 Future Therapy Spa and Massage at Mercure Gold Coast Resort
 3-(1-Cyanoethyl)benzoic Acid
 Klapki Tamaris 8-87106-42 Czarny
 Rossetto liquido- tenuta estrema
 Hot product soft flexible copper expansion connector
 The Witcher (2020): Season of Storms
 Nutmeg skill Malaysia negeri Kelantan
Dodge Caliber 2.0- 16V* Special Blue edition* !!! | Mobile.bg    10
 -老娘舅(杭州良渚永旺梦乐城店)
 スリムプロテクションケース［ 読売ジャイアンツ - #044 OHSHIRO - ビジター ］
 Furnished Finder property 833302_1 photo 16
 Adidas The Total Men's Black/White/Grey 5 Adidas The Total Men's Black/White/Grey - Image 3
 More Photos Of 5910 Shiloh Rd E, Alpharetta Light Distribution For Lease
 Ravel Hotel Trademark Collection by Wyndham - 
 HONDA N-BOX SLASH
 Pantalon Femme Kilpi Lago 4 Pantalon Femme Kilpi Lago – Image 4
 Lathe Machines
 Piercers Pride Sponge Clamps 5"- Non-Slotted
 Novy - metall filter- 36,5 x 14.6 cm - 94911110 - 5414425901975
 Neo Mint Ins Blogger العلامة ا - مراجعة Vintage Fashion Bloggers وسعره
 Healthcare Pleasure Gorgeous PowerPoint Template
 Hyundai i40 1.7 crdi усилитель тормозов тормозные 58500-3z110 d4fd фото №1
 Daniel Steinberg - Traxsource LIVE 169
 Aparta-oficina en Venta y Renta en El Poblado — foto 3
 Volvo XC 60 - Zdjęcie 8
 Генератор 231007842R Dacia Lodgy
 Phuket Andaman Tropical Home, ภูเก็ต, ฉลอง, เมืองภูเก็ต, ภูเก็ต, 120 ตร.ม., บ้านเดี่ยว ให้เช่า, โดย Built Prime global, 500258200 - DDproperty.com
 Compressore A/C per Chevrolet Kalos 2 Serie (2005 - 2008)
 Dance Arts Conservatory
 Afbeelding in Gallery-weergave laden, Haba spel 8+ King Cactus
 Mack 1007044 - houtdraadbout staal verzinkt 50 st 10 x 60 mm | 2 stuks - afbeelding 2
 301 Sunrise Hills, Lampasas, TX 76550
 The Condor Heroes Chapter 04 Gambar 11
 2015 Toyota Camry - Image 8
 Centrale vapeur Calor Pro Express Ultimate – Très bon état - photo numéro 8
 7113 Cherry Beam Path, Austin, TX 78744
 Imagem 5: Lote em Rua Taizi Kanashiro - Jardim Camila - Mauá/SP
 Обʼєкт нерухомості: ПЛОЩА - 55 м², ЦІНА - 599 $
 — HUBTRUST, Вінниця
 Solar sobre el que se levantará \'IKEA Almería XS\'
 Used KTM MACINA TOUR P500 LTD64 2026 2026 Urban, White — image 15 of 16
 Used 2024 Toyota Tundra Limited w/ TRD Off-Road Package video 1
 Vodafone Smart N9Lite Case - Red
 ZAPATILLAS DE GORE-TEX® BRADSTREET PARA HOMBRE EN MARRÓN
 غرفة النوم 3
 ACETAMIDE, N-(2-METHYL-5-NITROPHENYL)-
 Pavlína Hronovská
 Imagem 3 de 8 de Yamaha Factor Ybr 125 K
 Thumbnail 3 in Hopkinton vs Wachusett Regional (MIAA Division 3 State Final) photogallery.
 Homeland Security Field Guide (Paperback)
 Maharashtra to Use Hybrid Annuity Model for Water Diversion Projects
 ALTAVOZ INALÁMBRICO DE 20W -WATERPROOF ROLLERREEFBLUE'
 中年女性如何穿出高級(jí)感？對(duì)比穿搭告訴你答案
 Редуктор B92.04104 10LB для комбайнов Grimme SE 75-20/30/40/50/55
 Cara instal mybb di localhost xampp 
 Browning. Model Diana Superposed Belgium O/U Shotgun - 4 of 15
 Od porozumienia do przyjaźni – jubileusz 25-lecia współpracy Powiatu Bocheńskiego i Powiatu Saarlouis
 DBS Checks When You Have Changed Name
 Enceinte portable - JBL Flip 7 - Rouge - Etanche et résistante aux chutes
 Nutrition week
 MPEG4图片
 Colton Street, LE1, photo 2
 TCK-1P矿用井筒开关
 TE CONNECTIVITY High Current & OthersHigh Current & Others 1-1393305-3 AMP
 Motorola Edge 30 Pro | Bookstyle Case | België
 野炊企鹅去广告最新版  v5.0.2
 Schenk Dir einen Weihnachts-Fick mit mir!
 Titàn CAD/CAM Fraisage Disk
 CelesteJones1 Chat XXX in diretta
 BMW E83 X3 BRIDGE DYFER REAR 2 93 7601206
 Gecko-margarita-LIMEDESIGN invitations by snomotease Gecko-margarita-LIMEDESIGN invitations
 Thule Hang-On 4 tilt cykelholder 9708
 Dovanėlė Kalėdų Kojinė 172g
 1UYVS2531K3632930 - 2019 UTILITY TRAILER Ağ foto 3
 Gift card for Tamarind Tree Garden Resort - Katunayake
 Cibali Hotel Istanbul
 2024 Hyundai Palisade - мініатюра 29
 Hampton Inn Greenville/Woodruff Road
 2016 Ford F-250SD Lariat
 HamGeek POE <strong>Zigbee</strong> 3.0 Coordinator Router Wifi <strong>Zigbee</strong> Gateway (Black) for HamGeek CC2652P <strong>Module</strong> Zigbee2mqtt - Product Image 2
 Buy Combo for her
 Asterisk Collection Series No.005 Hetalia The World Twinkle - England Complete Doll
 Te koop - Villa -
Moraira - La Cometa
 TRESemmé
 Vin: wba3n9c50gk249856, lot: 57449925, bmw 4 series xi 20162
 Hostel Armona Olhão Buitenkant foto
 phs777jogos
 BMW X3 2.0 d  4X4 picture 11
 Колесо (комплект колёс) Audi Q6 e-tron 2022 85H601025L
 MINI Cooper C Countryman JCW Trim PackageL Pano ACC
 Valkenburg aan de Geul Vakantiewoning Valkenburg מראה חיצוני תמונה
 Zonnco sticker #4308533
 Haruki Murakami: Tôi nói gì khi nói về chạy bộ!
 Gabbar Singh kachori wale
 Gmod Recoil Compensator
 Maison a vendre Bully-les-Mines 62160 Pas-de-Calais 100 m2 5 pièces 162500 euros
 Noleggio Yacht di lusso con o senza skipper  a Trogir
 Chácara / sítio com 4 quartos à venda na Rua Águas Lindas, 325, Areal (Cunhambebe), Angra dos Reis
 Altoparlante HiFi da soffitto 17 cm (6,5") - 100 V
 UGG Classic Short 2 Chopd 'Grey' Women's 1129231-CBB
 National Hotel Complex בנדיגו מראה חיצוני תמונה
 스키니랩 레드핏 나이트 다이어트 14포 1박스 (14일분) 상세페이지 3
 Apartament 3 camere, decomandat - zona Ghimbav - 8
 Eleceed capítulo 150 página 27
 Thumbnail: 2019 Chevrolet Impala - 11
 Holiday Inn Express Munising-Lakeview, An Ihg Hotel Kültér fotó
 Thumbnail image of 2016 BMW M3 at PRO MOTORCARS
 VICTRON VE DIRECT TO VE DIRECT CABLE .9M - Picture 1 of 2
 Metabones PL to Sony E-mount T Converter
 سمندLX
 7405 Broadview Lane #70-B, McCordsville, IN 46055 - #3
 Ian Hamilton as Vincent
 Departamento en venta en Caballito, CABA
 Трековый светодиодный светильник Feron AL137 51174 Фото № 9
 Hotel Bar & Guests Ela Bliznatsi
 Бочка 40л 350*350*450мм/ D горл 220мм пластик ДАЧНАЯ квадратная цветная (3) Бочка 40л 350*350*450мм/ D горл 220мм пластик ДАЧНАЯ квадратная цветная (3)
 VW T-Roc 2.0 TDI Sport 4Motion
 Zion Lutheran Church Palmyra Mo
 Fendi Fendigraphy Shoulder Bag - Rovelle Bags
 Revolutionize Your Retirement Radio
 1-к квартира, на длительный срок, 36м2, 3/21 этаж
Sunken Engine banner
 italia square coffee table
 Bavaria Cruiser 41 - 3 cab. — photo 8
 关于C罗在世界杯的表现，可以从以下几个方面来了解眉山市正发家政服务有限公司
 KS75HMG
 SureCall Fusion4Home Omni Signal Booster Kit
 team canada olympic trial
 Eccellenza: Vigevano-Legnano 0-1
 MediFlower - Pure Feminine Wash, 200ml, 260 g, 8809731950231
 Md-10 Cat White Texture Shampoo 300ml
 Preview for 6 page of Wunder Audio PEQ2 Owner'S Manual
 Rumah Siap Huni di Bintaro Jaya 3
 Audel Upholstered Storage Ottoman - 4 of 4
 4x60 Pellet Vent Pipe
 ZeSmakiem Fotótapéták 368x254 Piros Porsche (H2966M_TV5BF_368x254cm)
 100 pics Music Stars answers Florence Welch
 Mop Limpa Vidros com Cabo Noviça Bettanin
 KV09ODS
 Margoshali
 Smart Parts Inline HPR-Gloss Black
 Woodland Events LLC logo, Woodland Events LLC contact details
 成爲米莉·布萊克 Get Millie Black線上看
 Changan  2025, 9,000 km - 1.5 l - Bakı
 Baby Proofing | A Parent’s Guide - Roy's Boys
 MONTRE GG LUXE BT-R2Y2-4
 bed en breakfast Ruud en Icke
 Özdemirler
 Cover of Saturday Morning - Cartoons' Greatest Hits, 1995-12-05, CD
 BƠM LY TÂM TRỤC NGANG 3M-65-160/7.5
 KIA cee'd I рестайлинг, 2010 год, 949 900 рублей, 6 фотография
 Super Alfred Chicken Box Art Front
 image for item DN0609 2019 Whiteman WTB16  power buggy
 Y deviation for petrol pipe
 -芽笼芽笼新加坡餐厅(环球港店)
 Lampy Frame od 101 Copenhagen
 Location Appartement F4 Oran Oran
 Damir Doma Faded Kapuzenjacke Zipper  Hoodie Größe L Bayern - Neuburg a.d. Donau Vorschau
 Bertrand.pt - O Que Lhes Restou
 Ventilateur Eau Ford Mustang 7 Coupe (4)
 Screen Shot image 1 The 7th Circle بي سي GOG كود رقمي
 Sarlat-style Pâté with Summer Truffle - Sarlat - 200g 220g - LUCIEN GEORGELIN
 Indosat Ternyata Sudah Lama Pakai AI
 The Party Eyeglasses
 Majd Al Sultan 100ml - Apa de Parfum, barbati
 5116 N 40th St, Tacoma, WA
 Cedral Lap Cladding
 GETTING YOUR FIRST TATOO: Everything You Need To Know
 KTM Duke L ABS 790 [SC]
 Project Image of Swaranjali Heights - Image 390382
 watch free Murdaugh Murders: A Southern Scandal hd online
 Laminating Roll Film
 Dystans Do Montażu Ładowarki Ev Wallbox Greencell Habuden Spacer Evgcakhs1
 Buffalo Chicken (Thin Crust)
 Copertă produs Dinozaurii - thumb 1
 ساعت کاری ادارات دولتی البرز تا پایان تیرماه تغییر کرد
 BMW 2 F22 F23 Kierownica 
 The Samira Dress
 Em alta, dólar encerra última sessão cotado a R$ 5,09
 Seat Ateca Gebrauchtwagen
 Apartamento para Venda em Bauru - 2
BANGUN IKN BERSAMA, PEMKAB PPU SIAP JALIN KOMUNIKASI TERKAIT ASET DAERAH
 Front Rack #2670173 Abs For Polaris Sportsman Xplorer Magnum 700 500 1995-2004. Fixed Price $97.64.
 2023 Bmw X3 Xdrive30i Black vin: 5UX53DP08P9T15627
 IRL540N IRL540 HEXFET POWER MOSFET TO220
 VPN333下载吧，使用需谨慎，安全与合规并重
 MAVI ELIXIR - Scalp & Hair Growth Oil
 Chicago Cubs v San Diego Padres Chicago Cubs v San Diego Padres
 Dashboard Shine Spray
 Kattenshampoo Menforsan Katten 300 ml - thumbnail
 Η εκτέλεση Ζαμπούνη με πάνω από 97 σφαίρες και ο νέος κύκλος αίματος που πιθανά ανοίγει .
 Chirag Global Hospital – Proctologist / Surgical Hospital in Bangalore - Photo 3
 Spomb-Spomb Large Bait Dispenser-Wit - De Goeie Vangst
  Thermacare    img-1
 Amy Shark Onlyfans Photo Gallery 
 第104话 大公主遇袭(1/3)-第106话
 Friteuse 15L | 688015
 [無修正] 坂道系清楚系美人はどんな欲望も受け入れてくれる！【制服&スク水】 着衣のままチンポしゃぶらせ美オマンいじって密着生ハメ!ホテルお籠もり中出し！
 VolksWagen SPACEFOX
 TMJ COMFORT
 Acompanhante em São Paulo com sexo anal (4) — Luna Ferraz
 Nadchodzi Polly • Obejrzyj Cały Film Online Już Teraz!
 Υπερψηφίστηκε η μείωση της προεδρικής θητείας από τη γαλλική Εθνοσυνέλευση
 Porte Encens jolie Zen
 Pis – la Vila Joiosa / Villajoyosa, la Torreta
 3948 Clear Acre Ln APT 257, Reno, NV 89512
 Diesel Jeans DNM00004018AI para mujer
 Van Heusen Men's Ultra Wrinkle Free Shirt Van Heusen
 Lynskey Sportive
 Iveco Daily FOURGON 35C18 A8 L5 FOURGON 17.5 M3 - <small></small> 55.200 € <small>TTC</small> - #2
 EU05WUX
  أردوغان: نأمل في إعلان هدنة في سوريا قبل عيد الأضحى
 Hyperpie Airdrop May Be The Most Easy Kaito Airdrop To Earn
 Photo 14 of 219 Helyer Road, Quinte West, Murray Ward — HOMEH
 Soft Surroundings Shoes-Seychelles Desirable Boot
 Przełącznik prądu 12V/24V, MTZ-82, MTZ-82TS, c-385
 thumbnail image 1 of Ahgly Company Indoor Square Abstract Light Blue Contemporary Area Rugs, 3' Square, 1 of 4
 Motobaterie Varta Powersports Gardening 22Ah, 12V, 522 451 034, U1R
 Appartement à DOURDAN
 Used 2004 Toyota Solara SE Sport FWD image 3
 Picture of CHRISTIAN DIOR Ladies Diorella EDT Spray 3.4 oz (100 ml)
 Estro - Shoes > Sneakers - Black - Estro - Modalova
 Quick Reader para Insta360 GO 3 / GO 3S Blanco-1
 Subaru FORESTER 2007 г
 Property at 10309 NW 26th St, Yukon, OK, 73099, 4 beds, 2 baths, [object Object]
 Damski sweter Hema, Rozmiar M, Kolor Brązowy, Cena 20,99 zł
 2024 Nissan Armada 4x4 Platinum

● ● ● ●

#### [Directions for this task]
Which of the lines in the material above contain "Resort"? Copy each one out.

#### [Response area]
 Future Therapy Spa and Massage at Mercure Gold Coast Resort
 Gift card for Tamarind Tree Garden Resort - Katunayake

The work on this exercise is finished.